Stamp duty expected to hit second-hand homes hardest

SHKP chairman says developers have already slashed prices on flats in new developments

PUBLISHED : Monday, 24 February, 2014, 4:45am
UPDATED : Monday, 24 February, 2014, 4:45am

The city's second-largest property developer, Sun Hung Kai Properties, believes higher stamp duties that became law at the weekend will hit the secondary residential market hardest, despite developers slashing their prices since late last year.

Prices for new housing were unlikely to fall significantly as construction costs continued to rise, SHKP co-chairman Thomas Kwok Ping-kwong said.

"Secondary home prices will drop 10 per cent this year as individual owners or foreclosed units being put on sale offer lower prices," he said yesterday.

Kwok spoke a day after the Stamp Duty (Amendment) Bill 2012 became law on Saturday following a four-day debate in the Legislative Council.

The bill imposes a buyer's stamp duty of 15 per cent on top of the existing duty on non-permanent residents and those buying through companies, as well as a special stamp duty of 10 to 20 per cent on quick resales. The levies have been in place since October 2012 to curb rising prices.

Kwok saw the additional stamp duties as short-term measures and expected the government to conduct a review when flat supply increased.

SHKP is among developers that have undertaken price-cutting strategies in recent months.

It sold more than 150 flats at Riva in Yuen Long after the project was relaunched last Tuesday at up to 18 per cent below current secondary transaction prices in the area. The latest prices were as much as 38 per cent lower than the previous launch, held in March last year.
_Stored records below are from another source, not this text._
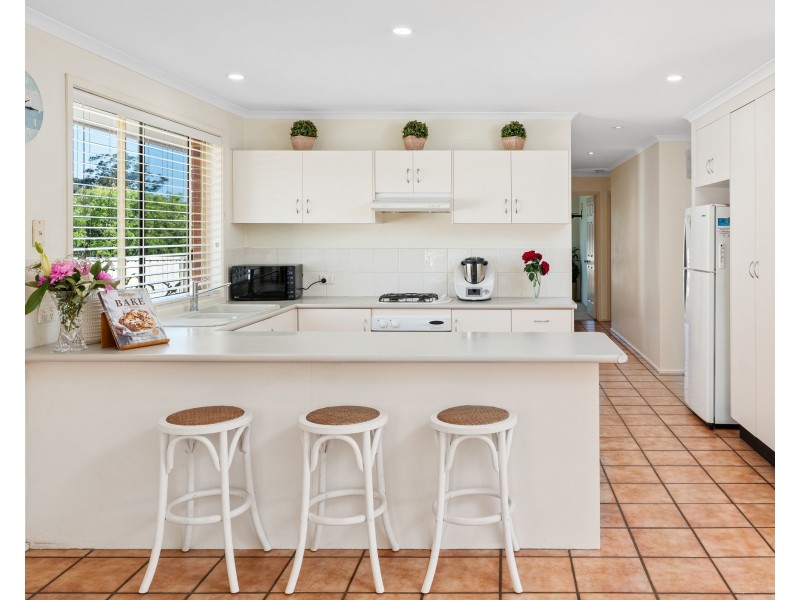 2 Cypress Close, Springfield NSW 2250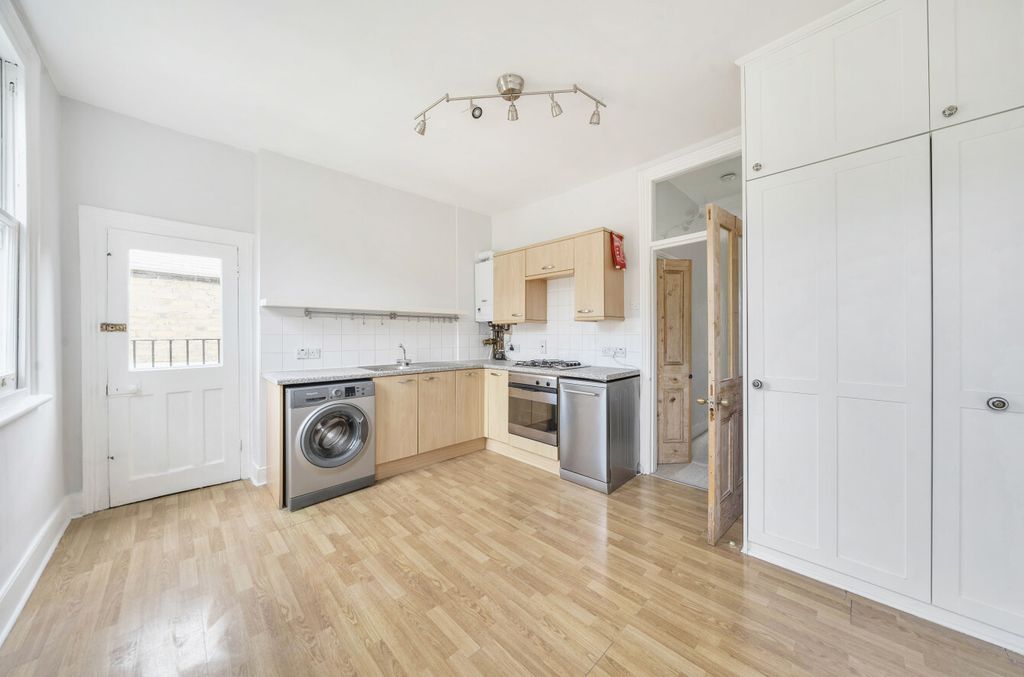 Property photo 1 of 29 1332521-18-6889F7...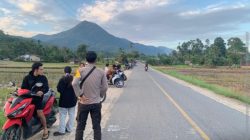 Tindaklanjuti Aduan Balap Liar, Polsek Mempawah Hulu Patroli dan Beri Imbauan di Tiang Tanjung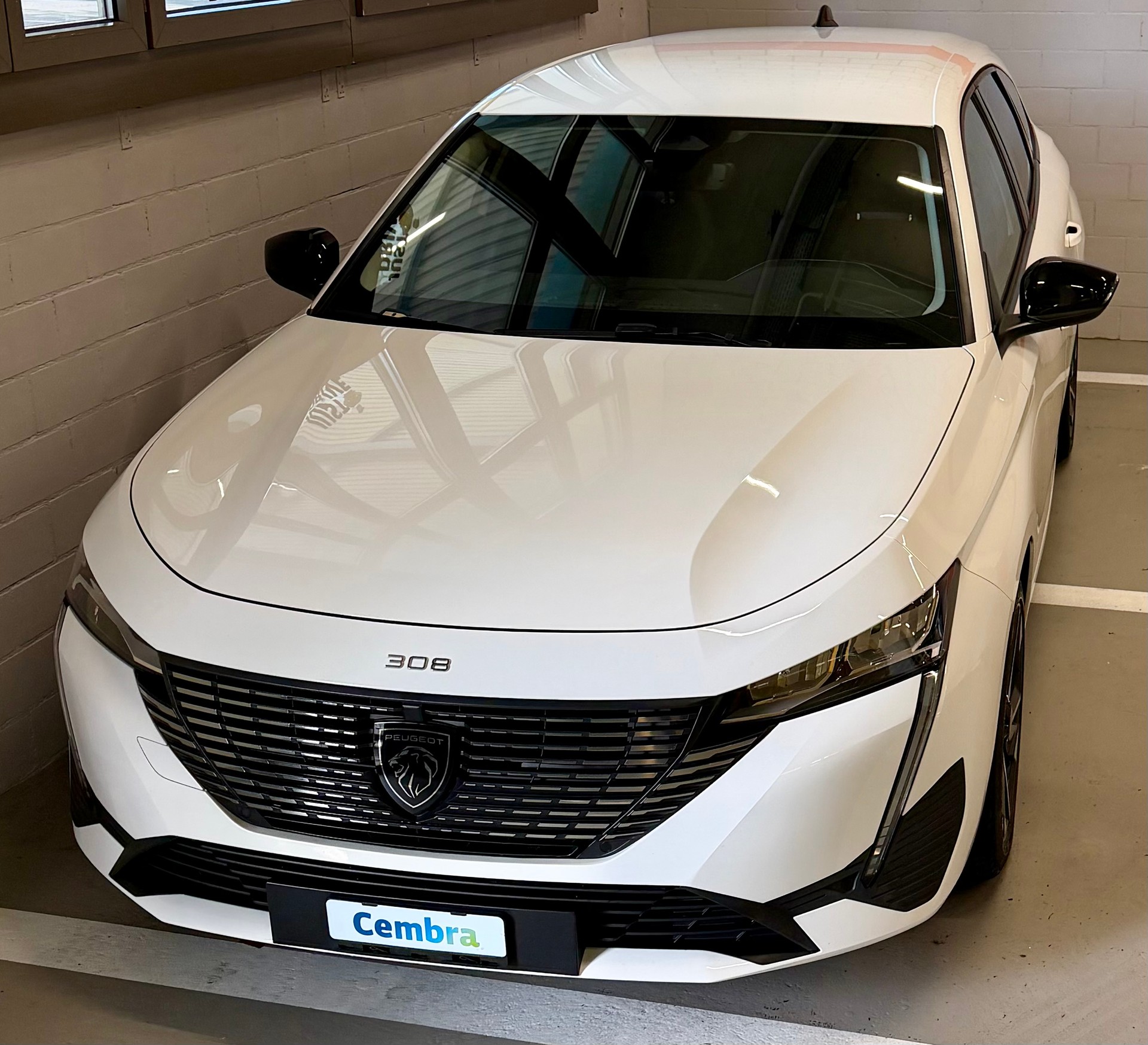 PEUGEOT 308 SW 1.5 BlueHDI Allure EAT8-image-1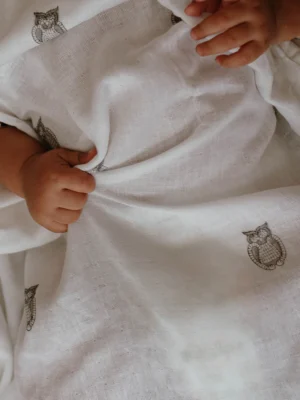Raamae_HandBlockPrinted_OwlMuslinSwaddleSet_07
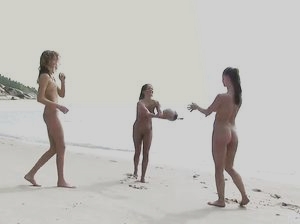 Девчонки тусуют голые по песчаному пляжу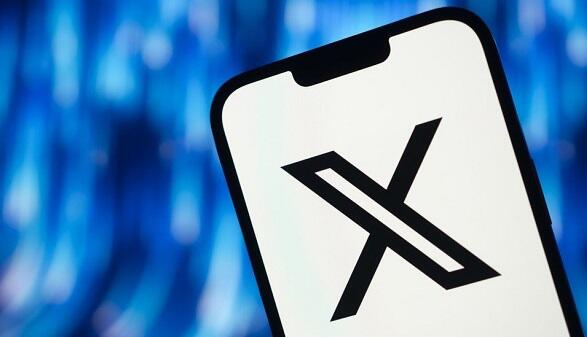 X CEO resigns after two years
Kwok also commented on the group's succession plan. "We have made arrangements for it, and the third generation of the Kwok family will come in at the right time," he said at a traditional poon choi feast, hosting 700 elderly people at Noah's Park in Ma Wan.

Kwok also said he was in favour of the government cutting relief measures like tax rebates, to free up money for Hong Kong's ageing population.

During his budget speech on Wednesday, Financial Secretary John Tsang Chun-wah is expected to cut rebates on salaries tax and waivers on property rates.